Math appendix for: "Why you must maximize expected utility"

benja

Math appendix for: "Why you must maximize expected utility"

post by Benya (Benja) · 2012-12-13T01:11:20.015Z · LW · GW · Legacy · 4 comments

4 comments

This is a mathematical appendix to my post "Why you must maximize expected utility", giving precise statements and proofs of some results about von Neumann-Morgenstern utility theory without the Axiom of Continuity. I wish I had the time to make this post more easily readable, giving more intuition; the ideas are rather straight-forward and I hope they won't get lost in the line noise!

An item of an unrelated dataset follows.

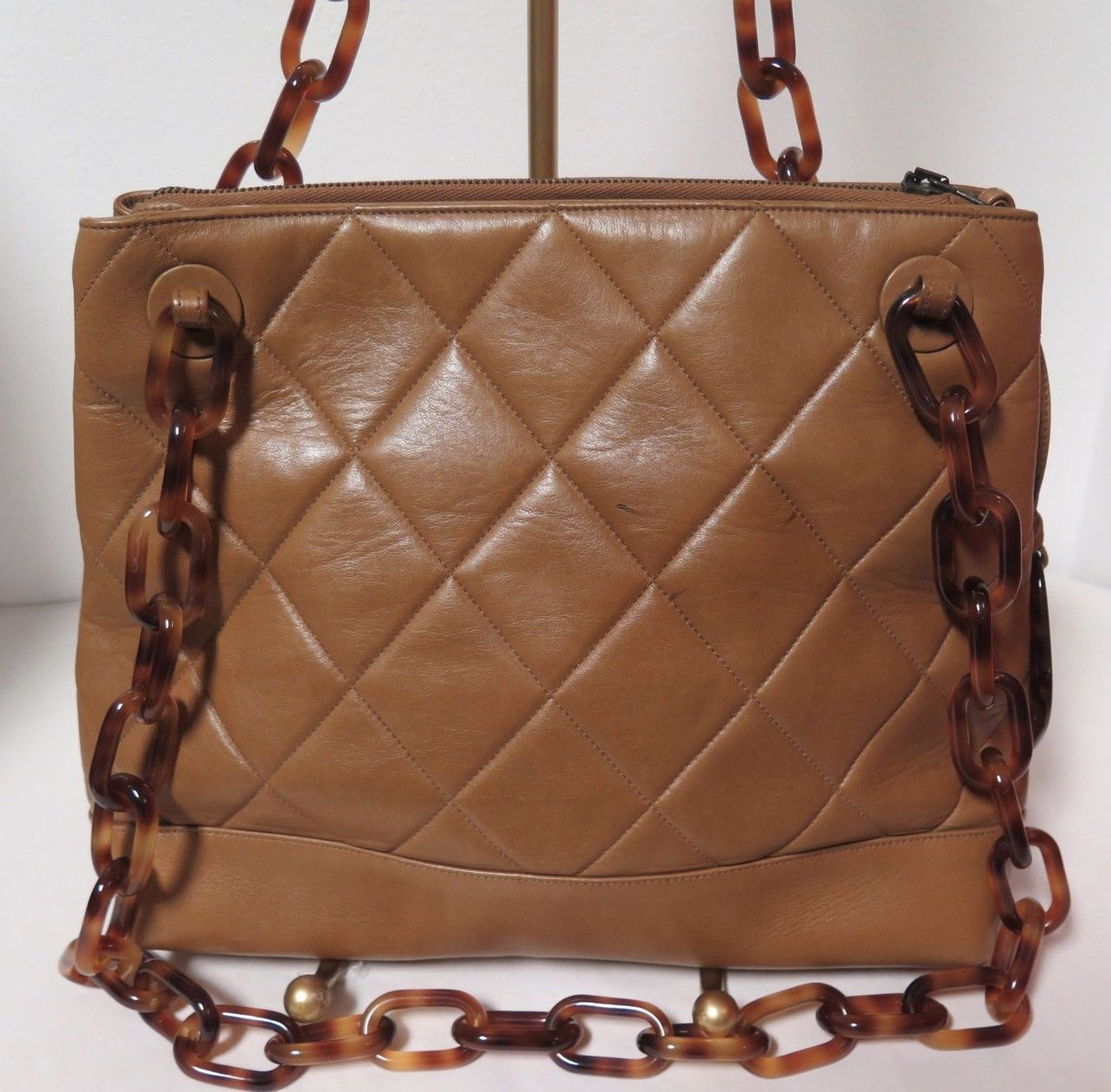 Vintage 1990s Chanel Tan Leather Tote With Tortoise Chain Link Handles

The work here is my own (though closely based on the standard proof of the VNM theorem), but I don't expect the results to be new.

I represent preference relations as total preorders $\preccurlyeq$ on a simplex $\Delta_N$ ; define $\prec$ , $\sim$ , $\succcurlyeq$ and $\succ$ in the obvious ways (e.g., $x\sim y$ iff both $x\preccurlyeq y$ and $y\preccurlyeq x$ , and $x\prec y$ iff $x\preccurlyeq y$ but not $y\preccurlyeq x$ ). Write $e^i$ for the $i$ 'th unit vector in $\mathbb{R}^N$ .

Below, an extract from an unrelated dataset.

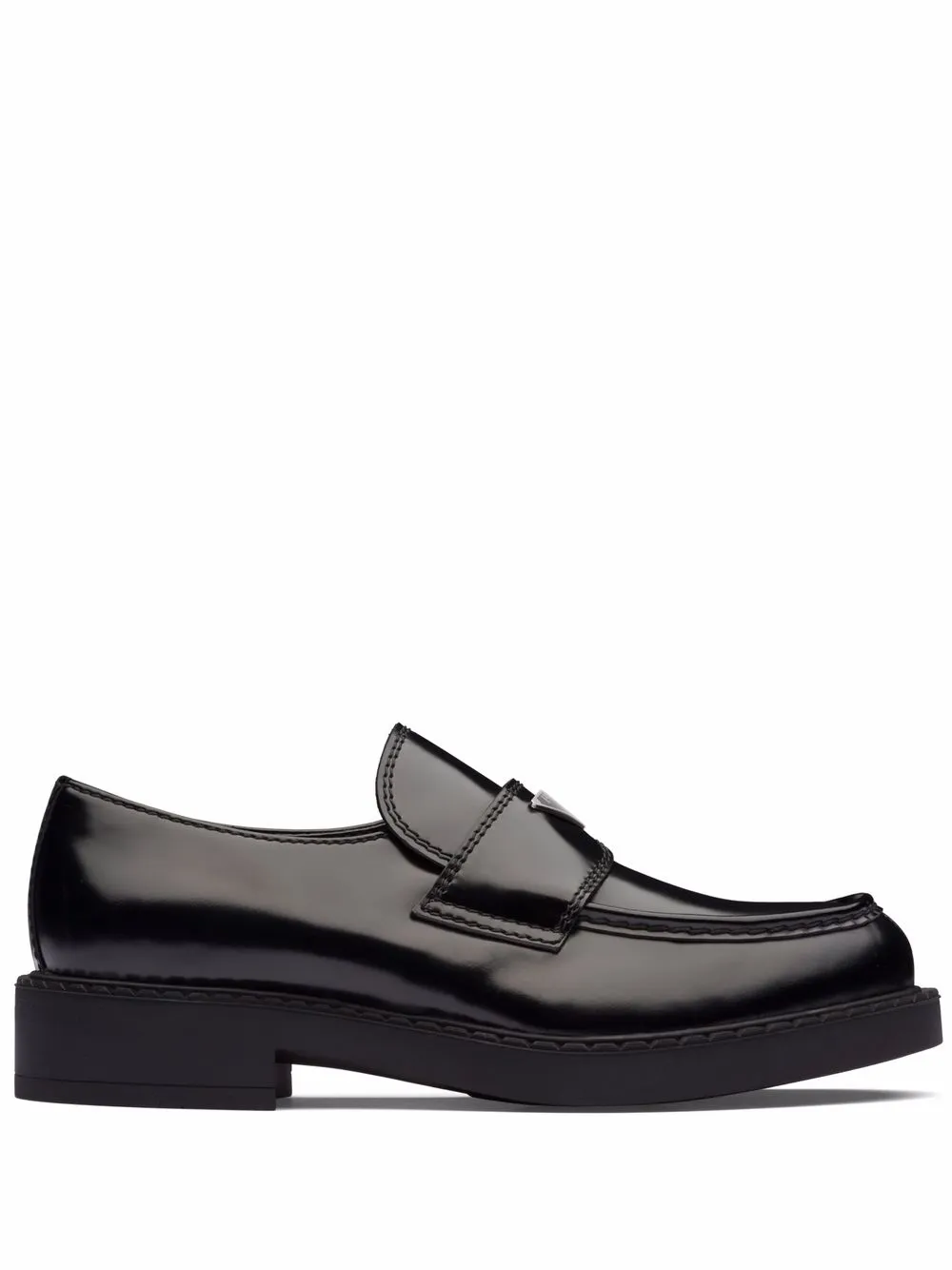 Prada Mocassini Chocolate con effetto spazzolato - Nero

In the following, I will always assume that $\preccurlyeq$ satisfies the independence axiom: that is, for all $x,y,z\in\Delta_N$ and $p\in(0,1]$ , we have $x\prec y$ if and only if $px + (1-p)z \prec py + (1-p)z$ . Note that the analogous statement with weak preferences follows from this: $x\preccurlyeq y$ holds iff $y\not\prec x$ , which by independence is equivalent to $py + (1-p)z \not\prec px + (1-p)z$ , which is just $px + (1-p)z \preccurlyeq py + (1-p)z$ .

Lemma 1 (more of a good thing is always better). If $x\prec y$ and $0\le p < q \le 1$ , then $(1-p)x + py\prec (1-q)x + qy$ .

Proof. Let $r := q-p$ . Then, $(1-p)x + py = \big((1-q)x + py\big) + rx$ and $(1-q)x + qy = \big((1-q)x + py\big) + ry$ . Thus, the result follows from independence applied to $x$ , $y$ , $\textstyle\frac{1}{1-r}\big((1-q)x + py\big)$ , and $r$ . $\square$

Lemma 2. If $x\preccurlyeq y\preccurlyeq z$ and $x\prec z$ , then there is a unique $p\in[0,1]$ such that $(1-q)x + qz \prec y$ for $q\in[0,p)$ and $y\prec (1-q)x + qz$ for $q\in(p,1]$ .

Proof. Let $p$ be the supremum of all $r\in[0,1]$ such that $(1-r)x + rz\preccurlyeq y$ (note that by assumption, this condition holds for $r=0$ ). Suppose that $0\le q<p$ . Then there is an $r\in(q,p]$ such that $(1-r)x + rz\preccurlyeq y$ . By Lemma 1, we have $(1-q)x + qz \prec (1-r)x + rz$ , and the first assertion follows.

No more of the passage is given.